Economically and socially useful ideas are already emerging. Salford, under its superb Mayor Ian Stewart, has Media City—we need science cities and tech cities too. Great universities need to collaborate with local government to make it happen. Cambridge is becoming a Pharma City, and one of the best recent ideas I have seen is to develop Newcastle as a global leader in research on ageing, regenerating the city centre around the university’s medical expertise.
"QE was designed by the rich for the rich: it drove up the price of assets rather than creating new ones and there has never been as much money available as today"Good ideas should attract investment, but Quantitative Easing was designed by the rich, for the rich: it drove up the price of existing assets rather than creating new ones, and there has never been so much money available as today. In a world trending to zero—zero growth, zero inflation, zero interest rates—we must put investment, growth and productivity front and centre: if we can’t invest when interest rates are at all-time lows, when can we?
Legal & General intends to invest £15bn in UK infrastructure and real assets, including regenerating cities and creating new housing. We have invested £7bn already, and where we go, others can co-invest or follow. The projects we favour are those in the £100m-£1bn range, which produce steady income over a long period (up to fifty years) and which provide a local economic multiplier effect of two to three times for physical infrastructure, more for digital. They can be delivered in years, not decades and unlike the more grandiose multi-decade projects, they create real jobs and growth on a realistic timeframe rather than jobs mainly for planning consultants.
Housing across all forms of tenure is a crucial part of the mix: build-to-sell, build to rent and affordable housing for key workers. All three can be created and financed with institutional money. Our pipeline of houses to build or finance now consists of 75,000 homes, of which 25,000 have been built. There is more to come, including modular-built homes which will revolutionise construction, and institutional-scale build-to-rent alongside our Dutch pension-fund partners, PGGM.
Creating the right infrastructure is one way to enable cities to flourish. Companies large and small also need to invest more in local economies to drive productivity, jobs and growth in cities and city-regions. Start-ups and growth companies in particular need a stronger equity culture to provide long-term finance—we have too many start-ups, not enough “grown-ups” in Manchester and Newcastle. Too many small companies fund themselves with debt, and over 50 per cent of the smallest companies finance themselves on credit cards. One solution is to reduce the tax differentials between debt and equity funding, and there was some progress on this in the Budget.
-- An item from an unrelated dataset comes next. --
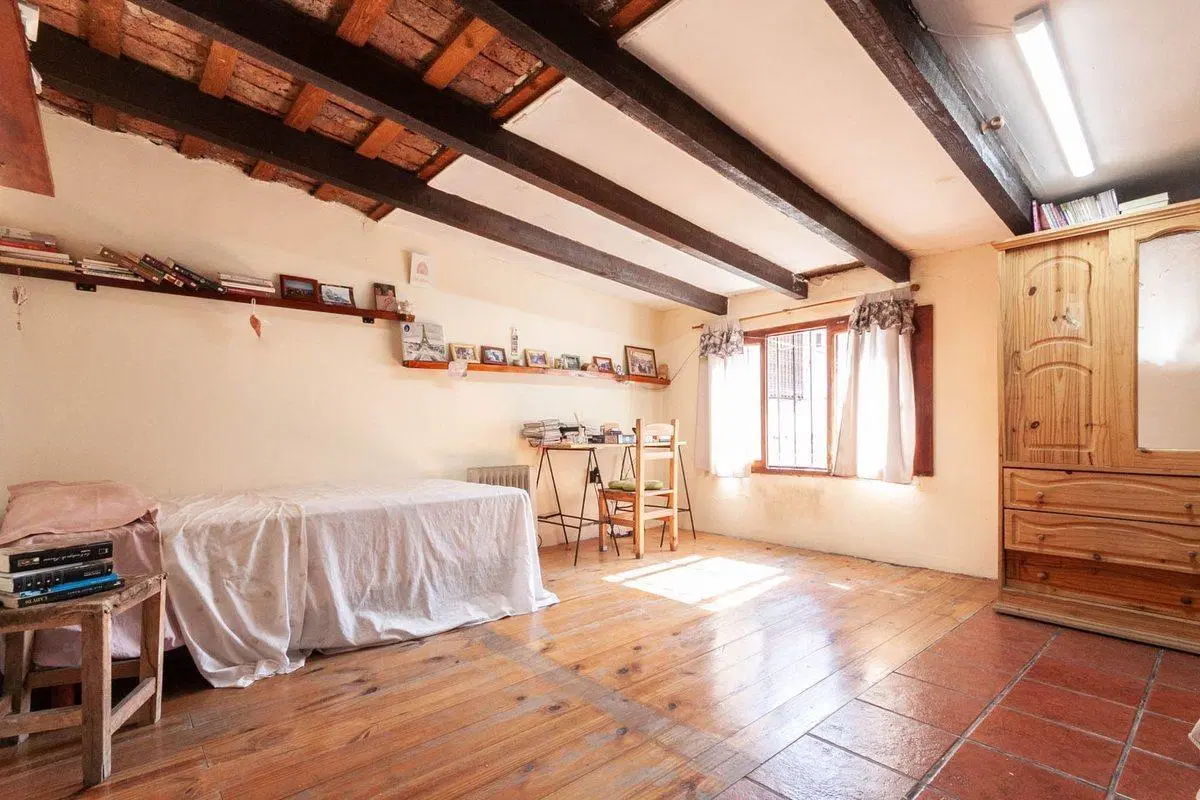 Casa 5 amb con garage, salon educativo, depto 2amb 4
Another key measure would be to strengthen local mentoring and support from professional services firms—far too much of their work is now focused on regulation and is economically unproductive. It would be far better for our bright accountants to be focusing on identifying future growth companies and helping them to achieve success.
Many of us share a vision of a future UK of high-tech, digital, environmentally friendly cities, growing under inspired political leadership and contributing to a much better-balanced economy. This is within reach: but only if we act now to put plentiful, cheap money to work investing in productive infrastructure and commerce, delivering the benefits we have seen in London across the country as a whole.